Rencontré lors de la présentation de l’Atlas des migrants en Europe au salon du livre et des sciences humaines de Paris, Natacha Bracq, élève avocate, se questionnait avec nous sur les conséquences du changement climatique sur les migrations. C’est en approfondissant la discussion que nous avons découvert qu’elle avait rédigé un ouvrage sur ce sujet au travers de l’exemple de Tuvalu.
Réalisé à partir de son travail de mémoire de Master 2, l’ouvrage de Natacha Bracq est paru aux récentes éditions des « Savoirs Inédits » présentées lors du retour du salon (chapeau bas déjà pour publier un livre dans la foulée du master).

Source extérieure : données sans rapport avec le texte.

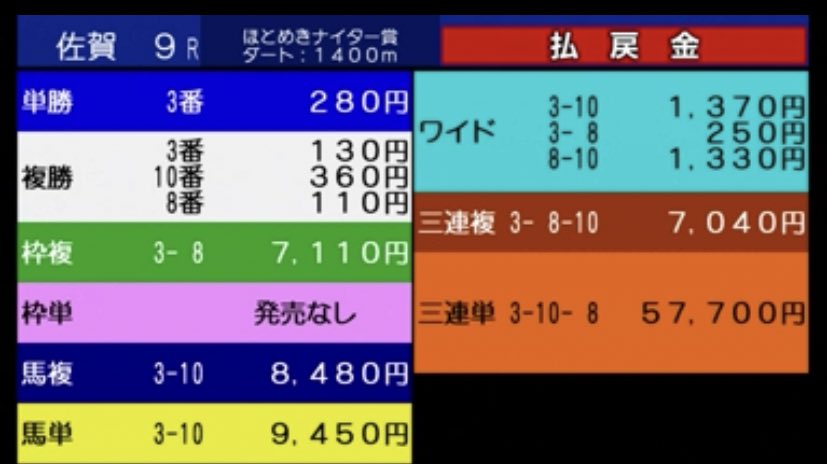 アイムソーグレイト Twitter Search Twitter
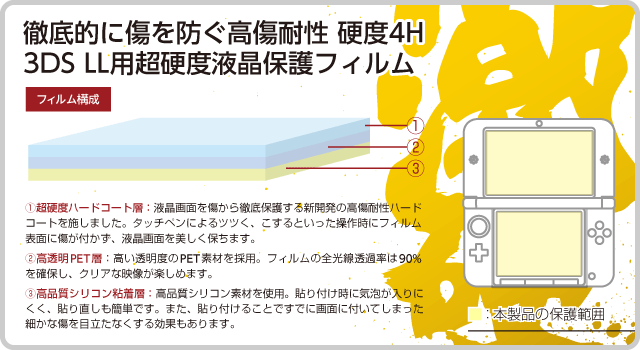 CYBER 超硬度液晶保護フィルム 激硬(Wii U用) 【30日間交換保証】 i8my1cf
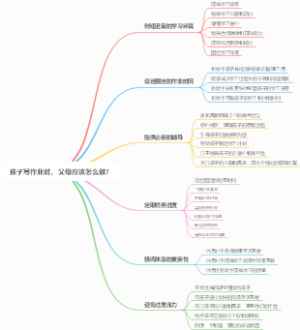 孩子写作业时，父母应该怎么做？
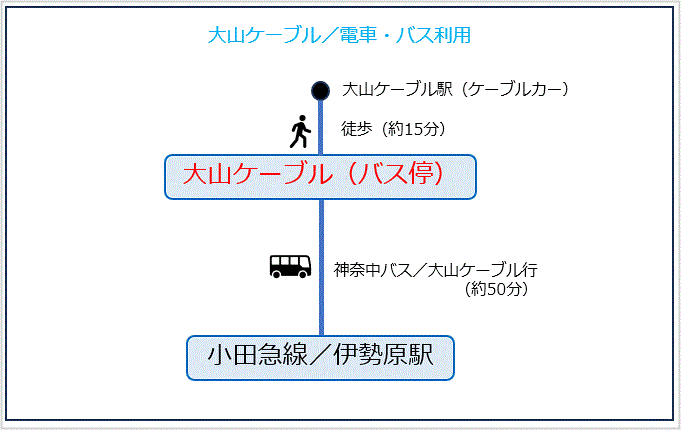 大山ケーブルアクセス図／電車・バス利用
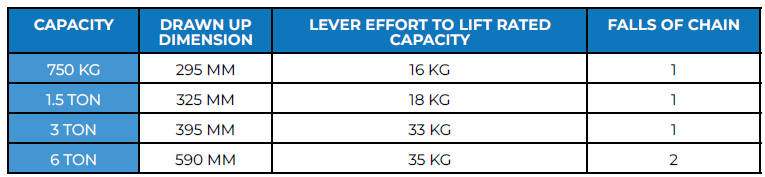 Lever Hoist Table2-BBC003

Que nous apprend cet ouvrage ? Principalement qu’en tant qu’Etat insulaire de petite taille, Tuvalu pourrait se voir submergé d’ici 2050 et que ses habitants deviendraient de ce fait des migrants devant retrouver un territoire de vie. Pris sous l’angle juridique, le problème montre que le droit international ne prévoit, à ce jour, pas de solution claire pour ces cas de figure d’où des aménagements suggérés par l’auteure.
Si la notion d’Etat est habituellement définie par trois éléments (une population permanente, un territoire et un gouvernement), l’absence d’un des trois suffit à ne plus reconnaître le pays concerné comme un Etat. Les cas de fusion, d’annexion, de démembrement…existants mais pas ceux de disparition, Tuvalu se trouve actuellement face à un vide juridique. Il faudrait, dans l’idéal, reconsidérer la notion même d’Etat, la question étant pour le moins urgente et commencera au-delà des côtes par la réduction de la ZEE.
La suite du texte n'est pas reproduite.